* Records shown
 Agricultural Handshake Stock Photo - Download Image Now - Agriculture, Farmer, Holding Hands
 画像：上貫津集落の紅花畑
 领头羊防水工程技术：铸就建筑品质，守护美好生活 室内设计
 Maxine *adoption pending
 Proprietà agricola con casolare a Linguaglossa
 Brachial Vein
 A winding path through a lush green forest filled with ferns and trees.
--
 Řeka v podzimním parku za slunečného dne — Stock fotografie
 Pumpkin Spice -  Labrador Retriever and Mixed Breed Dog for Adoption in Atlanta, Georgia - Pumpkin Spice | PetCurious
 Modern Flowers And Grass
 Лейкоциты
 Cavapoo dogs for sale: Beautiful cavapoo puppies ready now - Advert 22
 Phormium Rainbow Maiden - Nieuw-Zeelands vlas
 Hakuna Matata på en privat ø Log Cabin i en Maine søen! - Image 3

* Description of the task
Your answer should consist of the lines from the line with "Spice | PetCurious" to the line with "Hakuna Matata på" above, repeated exactly, both ends included.

* Result
 Pumpkin Spice -  Labrador Retriever and Mixed Breed Dog for Adoption in Atlanta, Georgia - Pumpkin Spice | PetCurious
 Modern Flowers And Grass
 Лейкоциты
 Cavapoo dogs for sale: Beautiful cavapoo puppies ready now - Advert 22
 Phormium Rainbow Maiden - Nieuw-Zeelands vlas
 Hakuna Matata på en privat ø Log Cabin i en Maine søen! - Image 3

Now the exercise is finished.